Improving the Quality of Nursing Home Care and Medical-Record Accuracy With Direct Observational Technologies

John F. Schnelle, PhD1,2, Dan Osterweil, MD2 and Sandra F. Simmons, PhD2

Correspondence: Address correspondence to John F. Schnelle, PhD, University of California–Los Angeles, Department of Medicine, Division of Geriatrics, 7150 Tampa Avenue, Reseda, CA 91335. E-mail: jschnell{at}

Nursing home medical-record documentation of daily-care occurrence may be inaccurate, and information is not documented about important quality-of-life domains. The inadequacy of medical record data creates a barrier to improving care quality, because it supports an illusion of care consistent with regulations, which reduces the motivation and ability of providers to identify areas for improvement.
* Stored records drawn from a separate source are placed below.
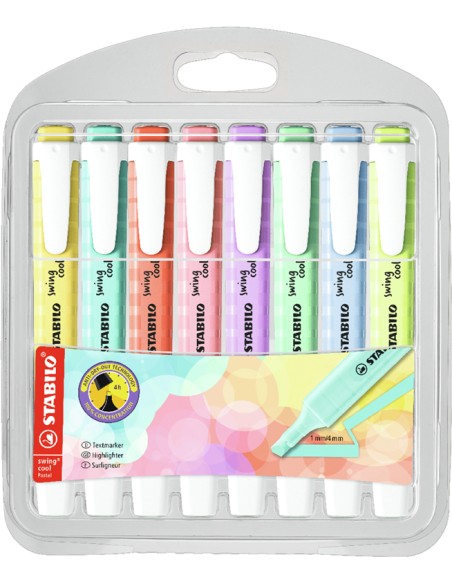 swing cool Pastel marcador 8 pieza(s) Punta de cincel Multicolor 275/8-08-1 Pack de 5 unidades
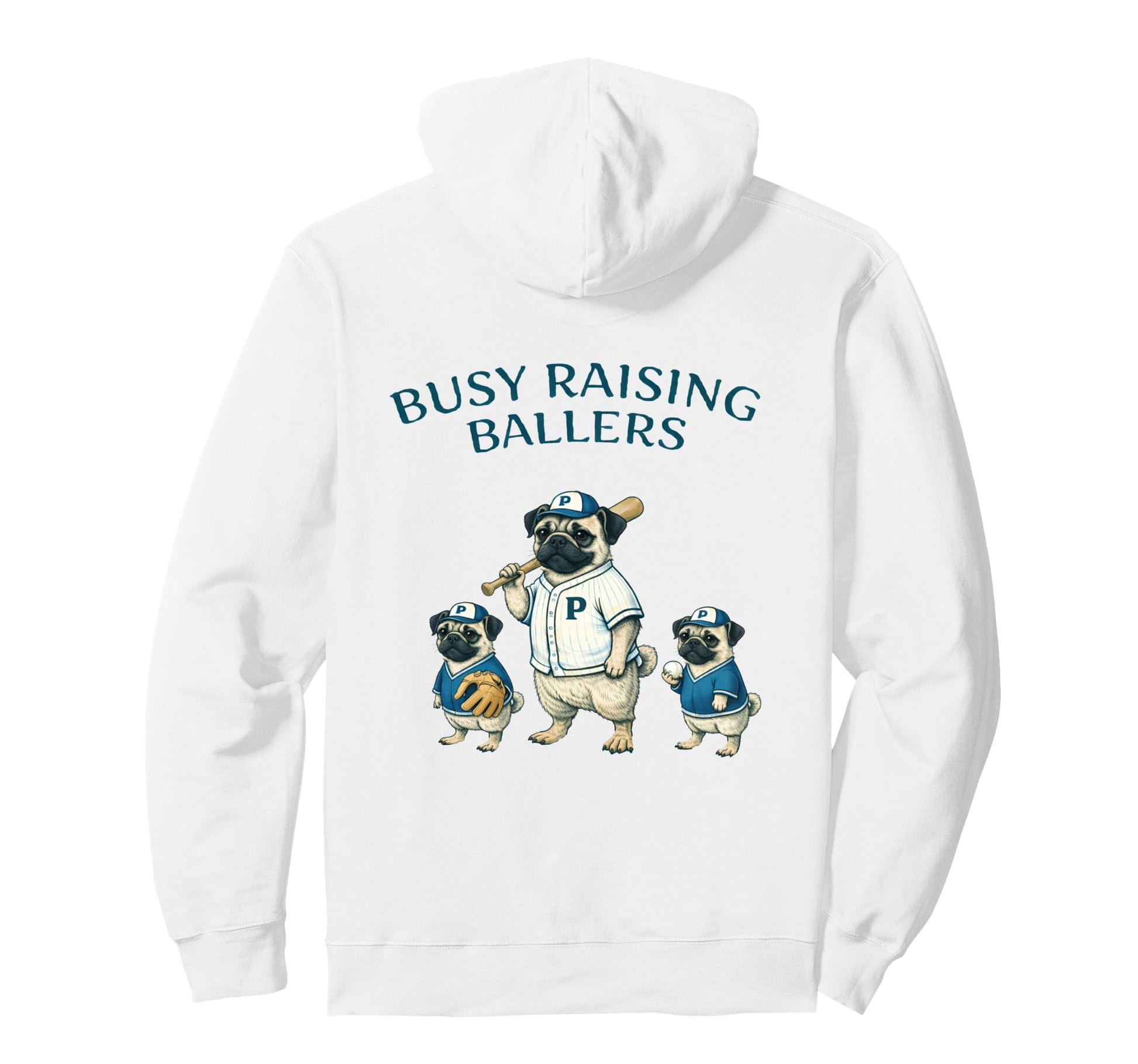 Busy Raising Baller Baseball Softball Hoodie - Unique Graphic Men Women - T-Shirt, Sweatshirt, Hoodie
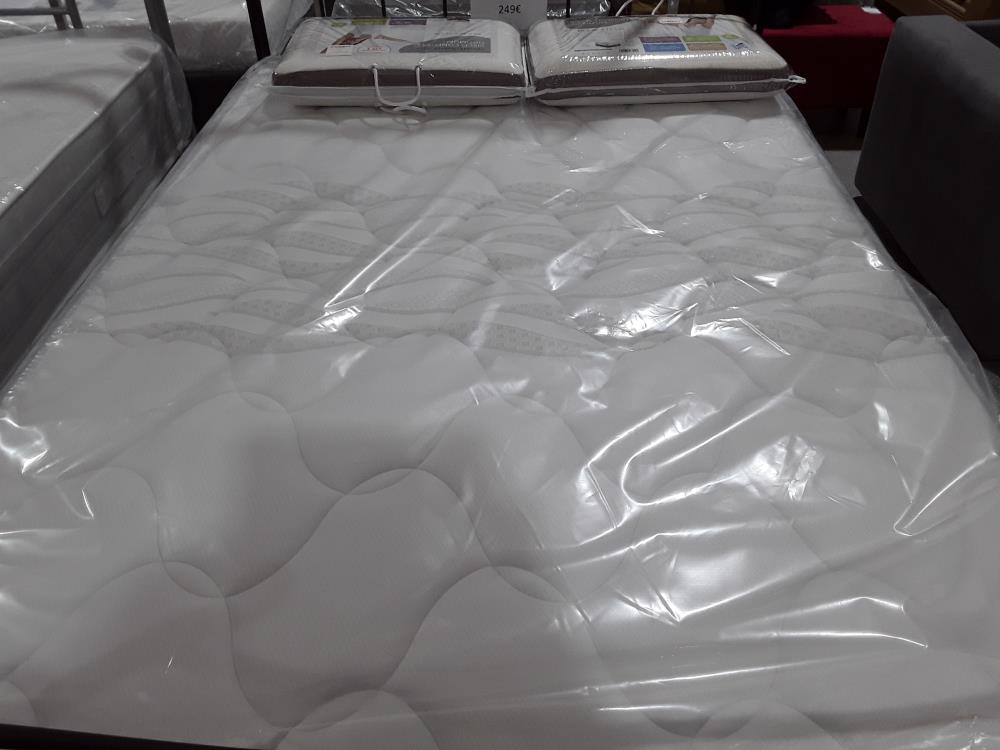 MATELAS 140 RESSORTS ENSSACHÉS ANTIALLERGIQUES ET MOUSSE HR CONFORT LUXE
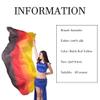 Aumulen 8mm Hand-made Belly Dance Silk Scarf Veils for Women Gradual Colors 98"x45"(Balck red yellow) view 2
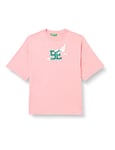 United Colors of Benetton Women's T-Shirt 3bl0d103w, Pink 2y4, L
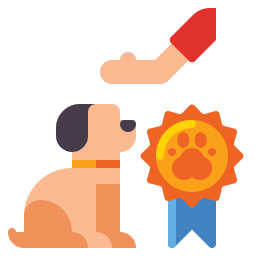 Dog training icon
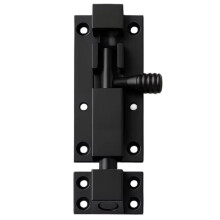 3 Inch Metal Door Security Lock Buckle Window Heavy Duty Thickened Sliding Gate Tower Bolt Catch Home Hardware Black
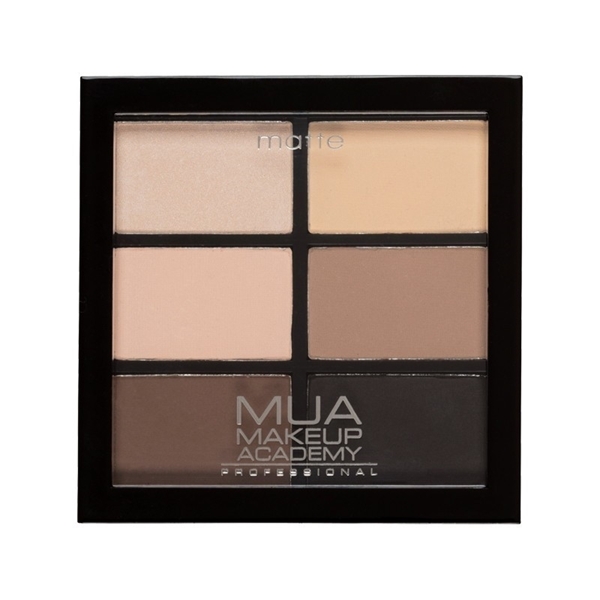 Εικόνα από Mua Makeup Academy Natural Essentials 6 Shade Matte Παλέτα Σκιών Ματιών 7.8gr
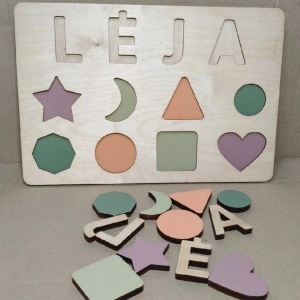 puzzle lemn Montessori 40x27cm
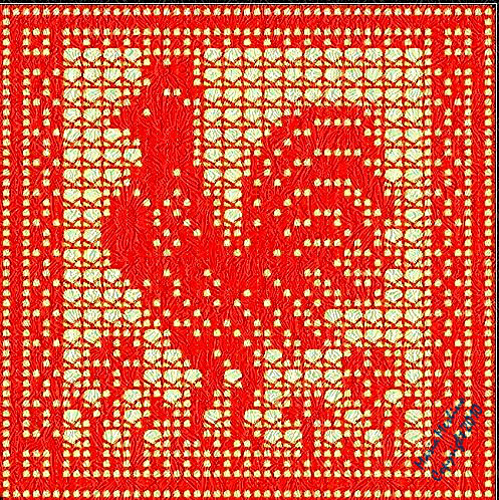 Ravelry: Rooster in Lacet Stitch pattern by Maria Merlino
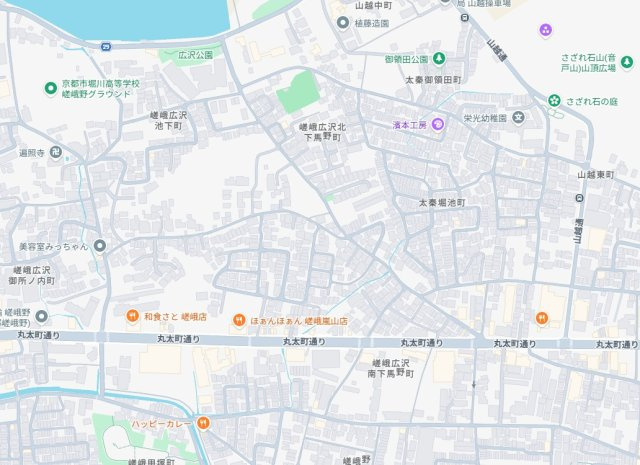 京都市右京区嵯峨広沢南野町　第3期　新築一戸建ての地図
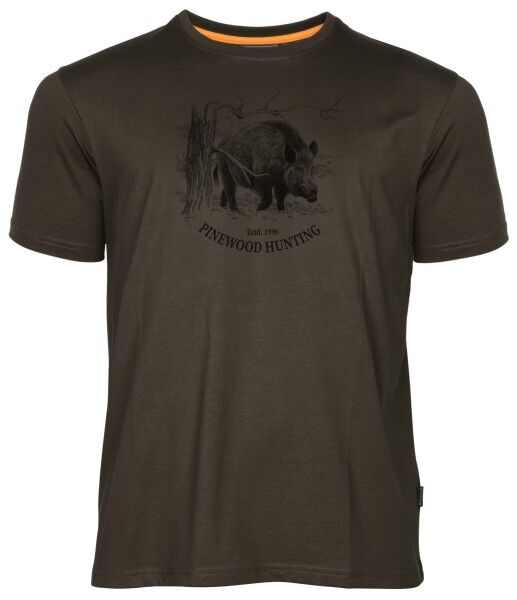 Pinewood Wild Boar T-Shirt (Suede Brown)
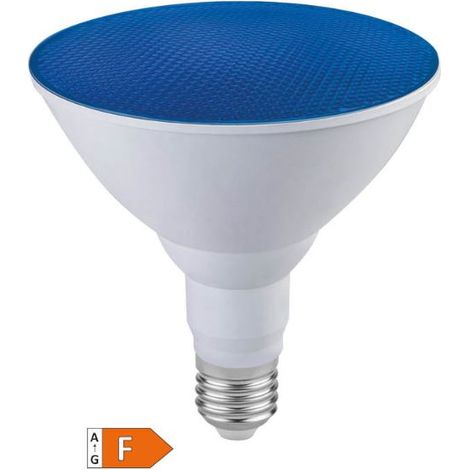 Bombilla de LED PAR38 18W E27 azul IP65 (1/2)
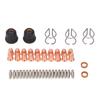 47 Pcs Plasma Cutter Torch Accessory Kit PR0010 Electrode PD011608 Nozzle Tip Shield Cap Spacer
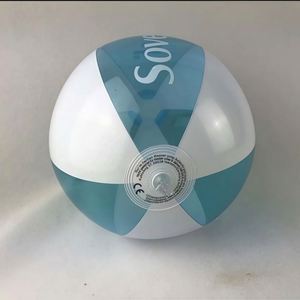 Ballon de plage publicitaire en PVC, léger, écologique, résistant aux déchirures, gonflable rapidement, imprimé sur mesure, non toxique, pour piscine et fêtes estivales - Product Image 3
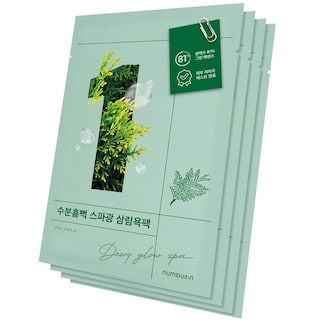 Foto 1 | Mascarilla Numbuzin No.1 Dewy Glow Spa Con Agua De Ciprés De Jeju - Venta Internacional.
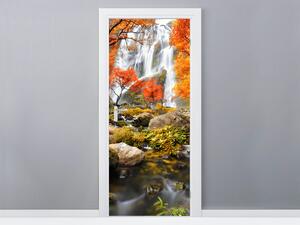 Fototapeta na dvere Jesenný vodopád Materiál: Samolepiaca, Veľkosť: 95 x 205 cm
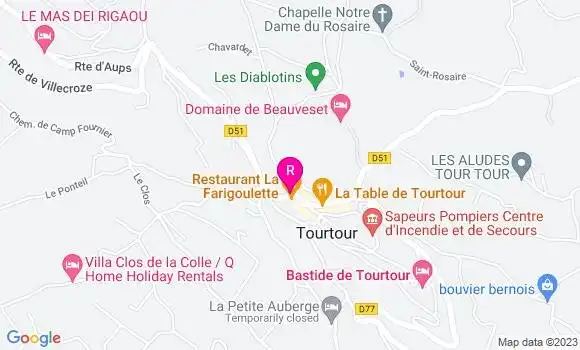 Localisation Restaurant  Le Tangana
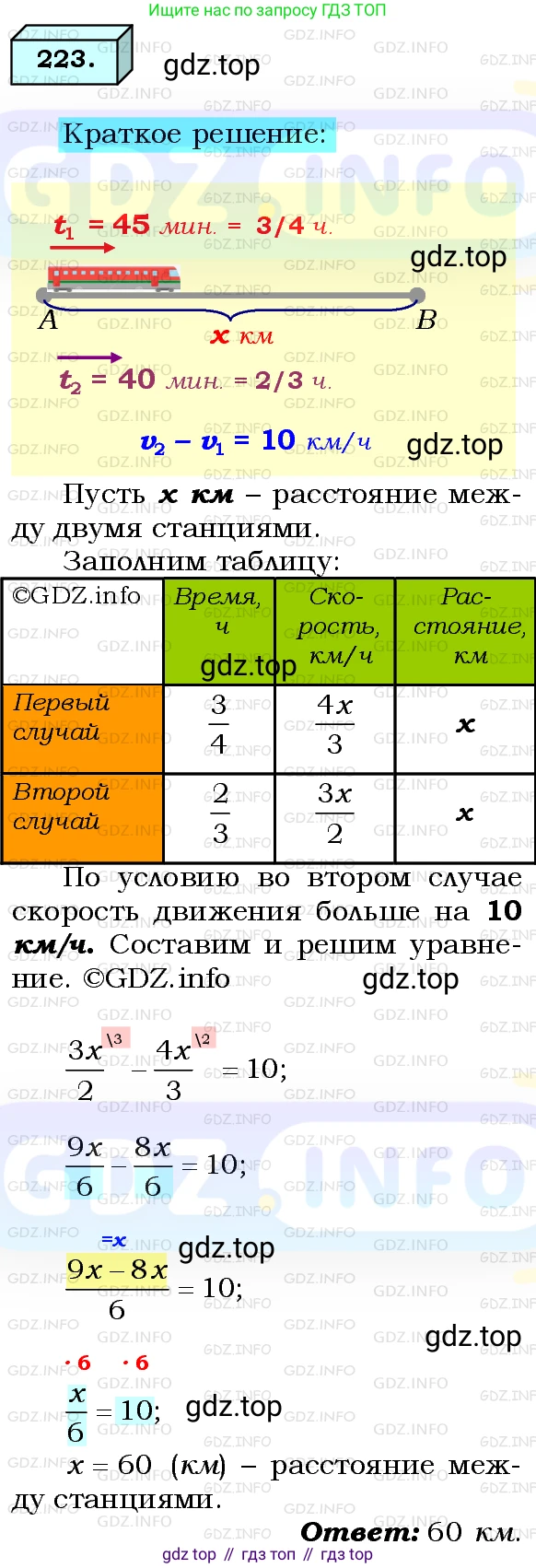 ГДЗ Алгебра, 8 класс Учебник, авторы: Мерзляк Аркадий Григорьевич, Полонский Виталий Борисович, Якир Михаил Семёнович, издательство Просвещение, Москва, 2018 - 2022, розового цвета, страница 58, номер 223, Решение 3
Observational protocols designed for use by survey and quality-assurance staff can provide the independent information necessary for improving both medical record accuracy and residents' quality of life. Unfortunately, observational protocols currently used in survey and quality-assurance activities are not designed in a manner that is consistent with the scientific principles that guide observational measurement. The purpose of this article is to describe the steps to develop a standardized and scientifically defensible observational system to assess nursing home care quality.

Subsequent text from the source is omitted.